> **What you are asked to do**:
Whatever lies between the line that holds "Batidora de Pedestal" and the final line of the records below, both included, should be repeated exactly; leave out the pictures and add nothing.

Crawled caption data

##############################

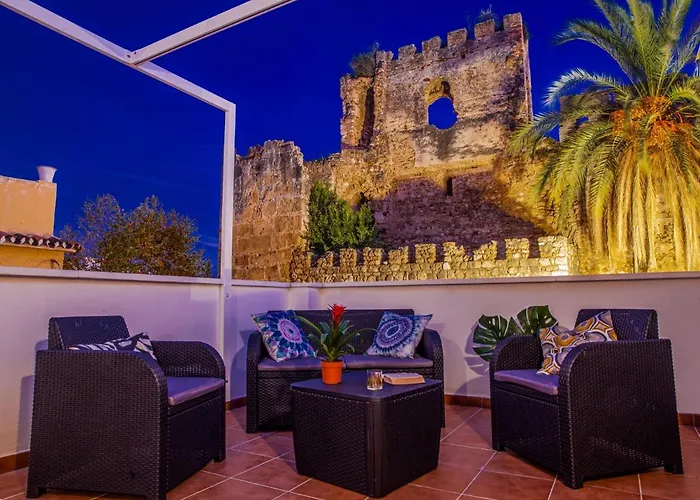 Renovated House In Old Town Marbella.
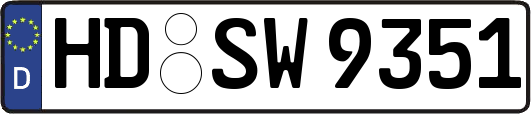 HD-SW9351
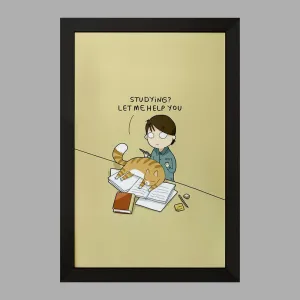 تابلو گربه Cat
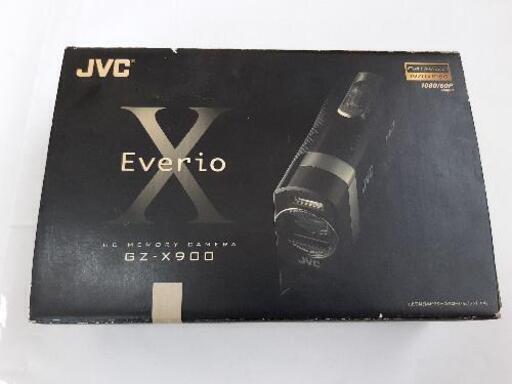 JVC ケンウッド　ビクター HDメモリーカメラ　　Everio X ビデオカメラGZ-X900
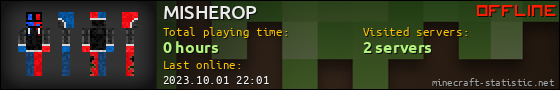 MISHEROP userbar 560x90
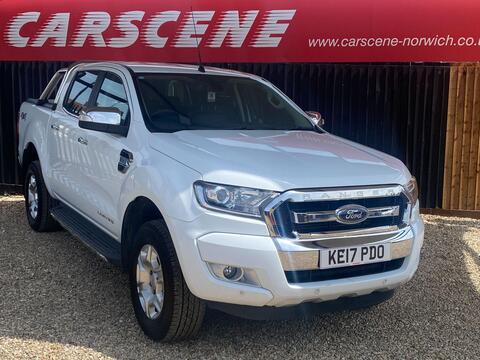 Ford Ranger Pickup 2.2 TDCi Limited Durashift 4WD Euro 5 4dr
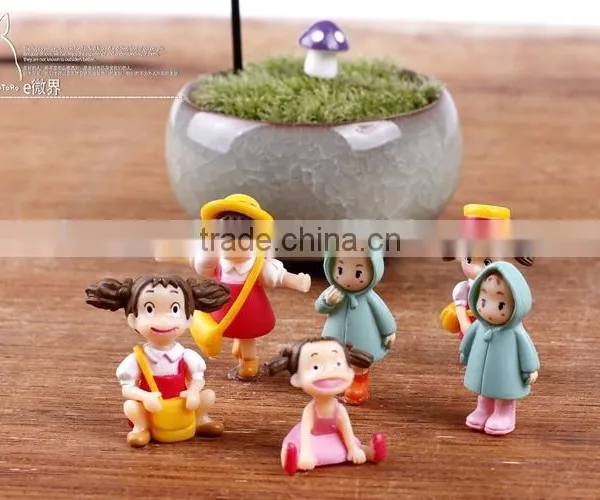 Mini CUTE Fashional Resin Decoration, Mini Q Version Sell MOE Xiaomei Furnishing Articles Micro Landscape Furnishing Articles photo-4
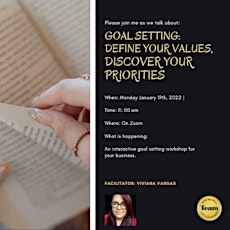Goal Setting: Define your values, discover your priorities tickets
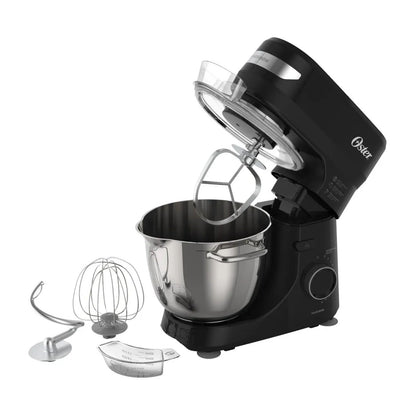 Batidora de Pedestal Oster 12 Velocidades Negra FPSTSMPL2B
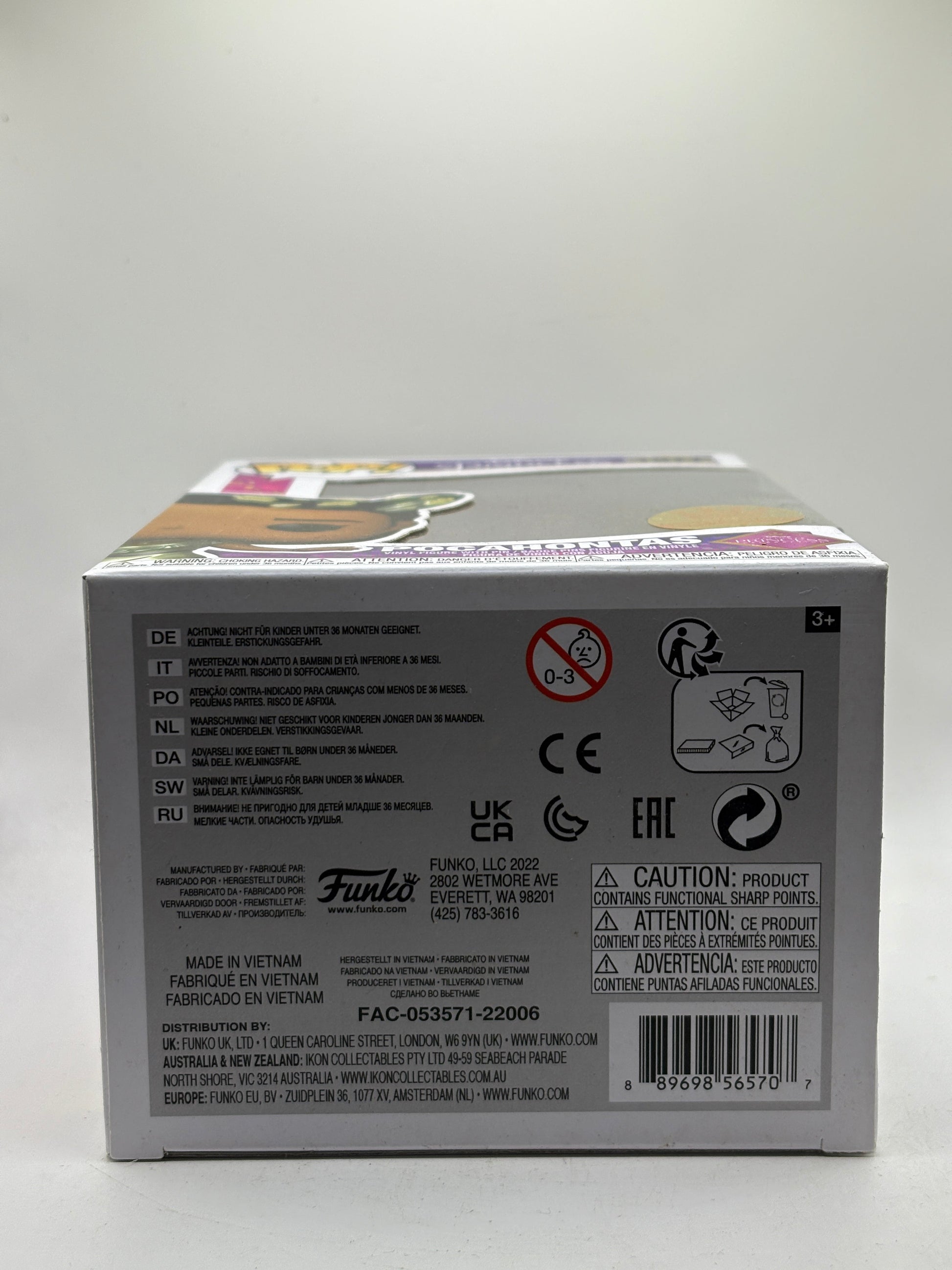 Funko POP! Disney Princess #1077 Pocahontas Funko Exclusive FRENLY BRICKS - Open 7 Days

##############################

> **Task solution**:
 Batidora de Pedestal Oster 12 Velocidades Negra FPSTSMPL2B
 Funko POP! Disney Princess #1077 Pocahontas Funko Exclusive FRENLY BRICKS - Open 7 Days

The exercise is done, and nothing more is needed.